Screenshots within the document! :-)

Comment 7 Harald Koester 2019-08-14 12:32:53 UTC
(In reply to Svante Schubert from comment #6)

>     • 'zero-width' should not be layouted similar to a comma
>     • 'zero-width' should be named instead in German 'Breitenloses
> Leerzeichen'
I suppose you mean the formatting mark "Zero Width Space" (U+200B). In this case the term "Breitenloses Leerzeichen" is correct. Currently LibreOffice (version 6.3.0) uses the term "No-width Optional Break" in English and "Weicher Umbruch ohne Breite" in German. Both are not correct.

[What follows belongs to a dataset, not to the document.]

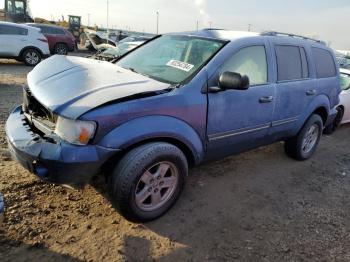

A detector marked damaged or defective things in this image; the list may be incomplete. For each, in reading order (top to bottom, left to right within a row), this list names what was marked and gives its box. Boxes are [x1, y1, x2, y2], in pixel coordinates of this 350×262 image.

>     • 'word joiner' should be named instead in German 'Nullbreite'
For the "Word Joiner" (U+2060) LibreOffice currently (version 6.3.0) uses the terms "No-width no Break" in English and "Verbindungszeichen ohne Breite" in German. In the German Wikipedia there is no seperate article for the Word Joiner. But in 
the term "Wortverbinder" is used. Hence I proposed this term in comment 3. In the Internet I did not find the term "Nullbreite" as a translation of the "Word Joiner". Hence I still propose to use the term "Wortverbinder".